(Image-text web data)

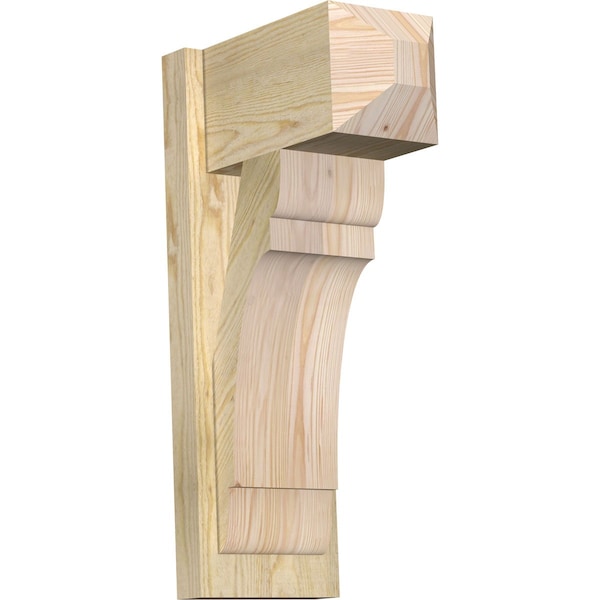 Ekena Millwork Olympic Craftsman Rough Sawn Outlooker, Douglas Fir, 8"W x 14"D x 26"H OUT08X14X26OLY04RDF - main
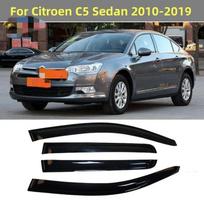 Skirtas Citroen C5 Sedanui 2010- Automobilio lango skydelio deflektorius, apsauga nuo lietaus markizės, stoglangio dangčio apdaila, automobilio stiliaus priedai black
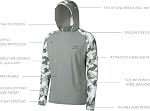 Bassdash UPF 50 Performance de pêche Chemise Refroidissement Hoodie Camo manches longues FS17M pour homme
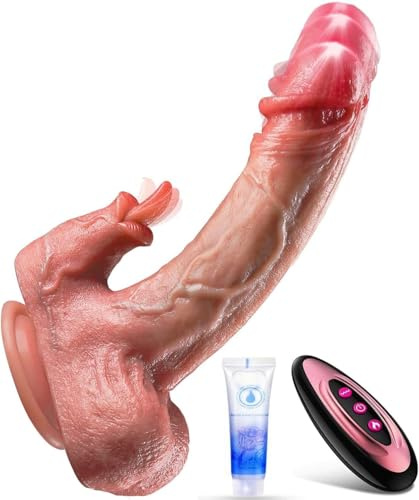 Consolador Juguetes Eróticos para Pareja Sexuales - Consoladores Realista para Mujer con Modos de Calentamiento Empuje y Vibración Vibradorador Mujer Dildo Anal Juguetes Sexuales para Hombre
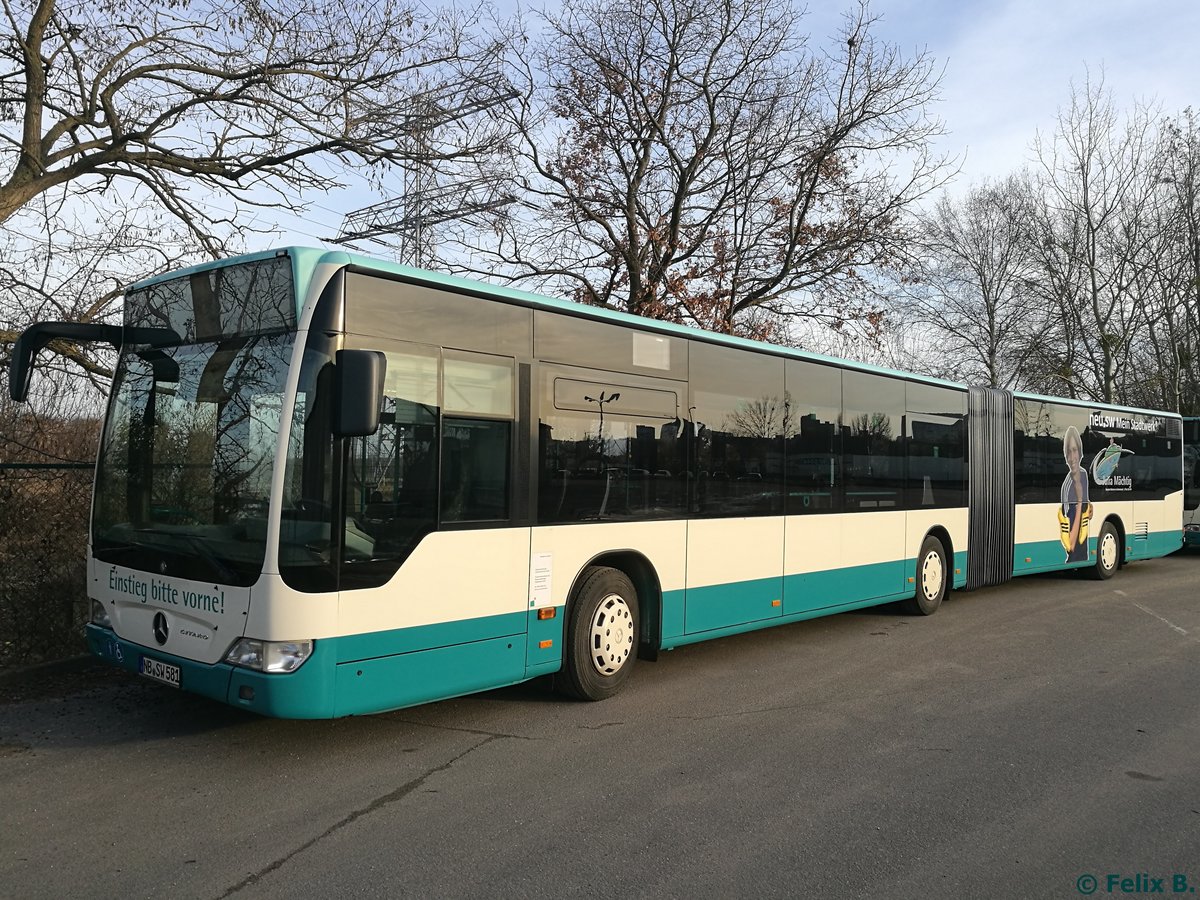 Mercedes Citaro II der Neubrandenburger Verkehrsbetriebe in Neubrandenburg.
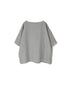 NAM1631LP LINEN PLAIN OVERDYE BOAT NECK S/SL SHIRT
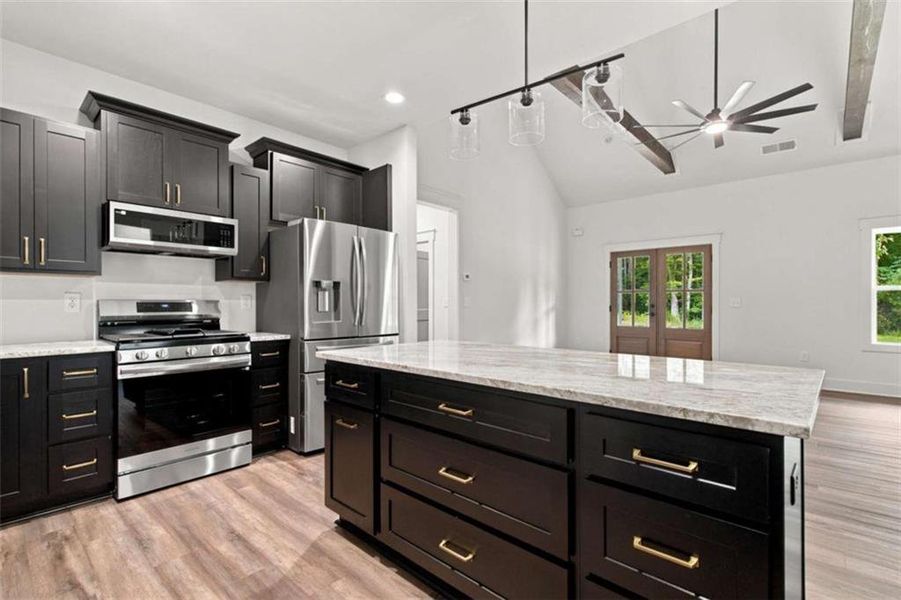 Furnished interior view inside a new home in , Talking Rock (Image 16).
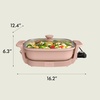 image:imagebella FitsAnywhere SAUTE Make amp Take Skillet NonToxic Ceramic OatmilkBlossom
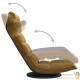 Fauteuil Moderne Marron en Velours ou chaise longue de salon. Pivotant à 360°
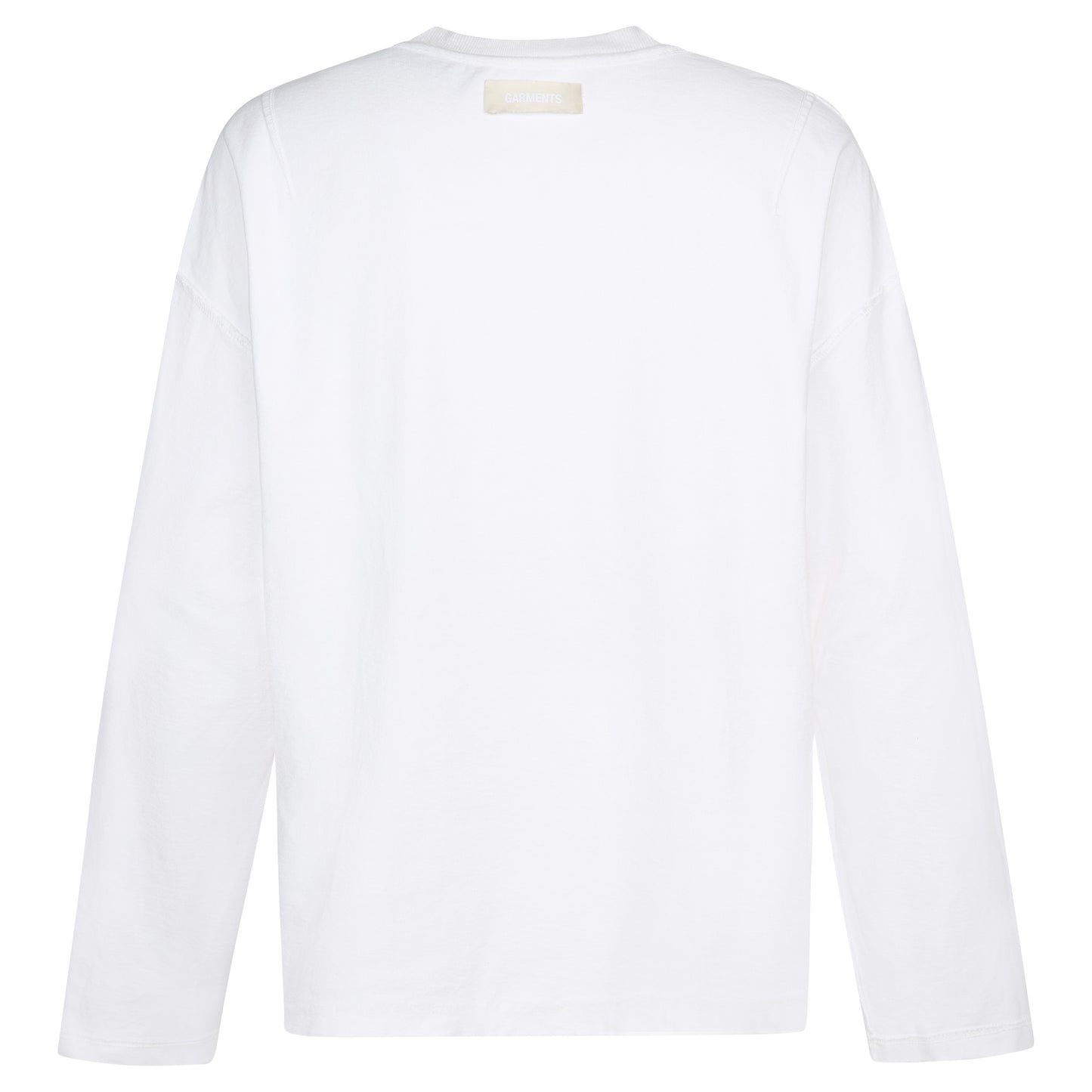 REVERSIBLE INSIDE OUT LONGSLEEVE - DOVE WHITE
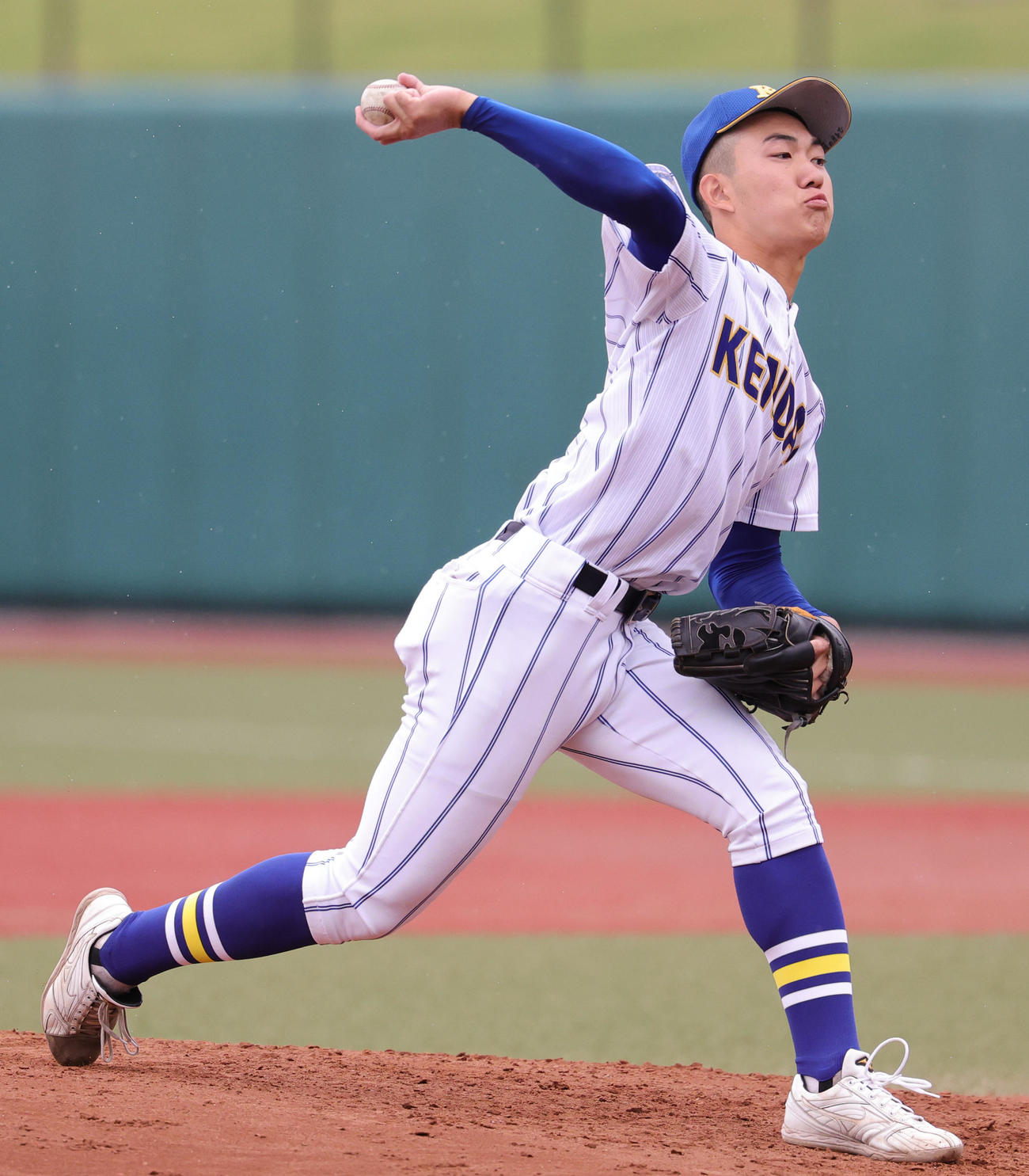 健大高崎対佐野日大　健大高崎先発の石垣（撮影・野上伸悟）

### Task instructions
Extract, word for word, every line from the one holding "Skirtas Citroen C5" through the closing line of the data above. Do not include any pictures.

### Task solution
 Skirtas Citroen C5 Sedanui 2010- Automobilio lango skydelio deflektorius, apsauga nuo lietaus markizės, stoglangio dangčio apdaila, automobilio stiliaus priedai black
 Bassdash UPF 50 Performance de pêche Chemise Refroidissement Hoodie Camo manches longues FS17M pour homme
 Consolador Juguetes Eróticos para Pareja Sexuales - Consoladores Realista para Mujer con Modos de Calentamiento Empuje y Vibración Vibradorador Mujer Dildo Anal Juguetes Sexuales para Hombre
 Mercedes Citaro II der Neubrandenburger Verkehrsbetriebe in Neubrandenburg.
 NAM1631LP LINEN PLAIN OVERDYE BOAT NECK S/SL SHIRT
 Furnished interior view inside a new home in , Talking Rock (Image 16).
 image:imagebella FitsAnywhere SAUTE Make amp Take Skillet NonToxic Ceramic OatmilkBlossom
 Fauteuil Moderne Marron en Velours ou chaise longue de salon. Pivotant à 360°
 REVERSIBLE INSIDE OUT LONGSLEEVE - DOVE WHITE
 健大高崎対佐野日大　健大高崎先発の石垣（撮影・野上伸悟）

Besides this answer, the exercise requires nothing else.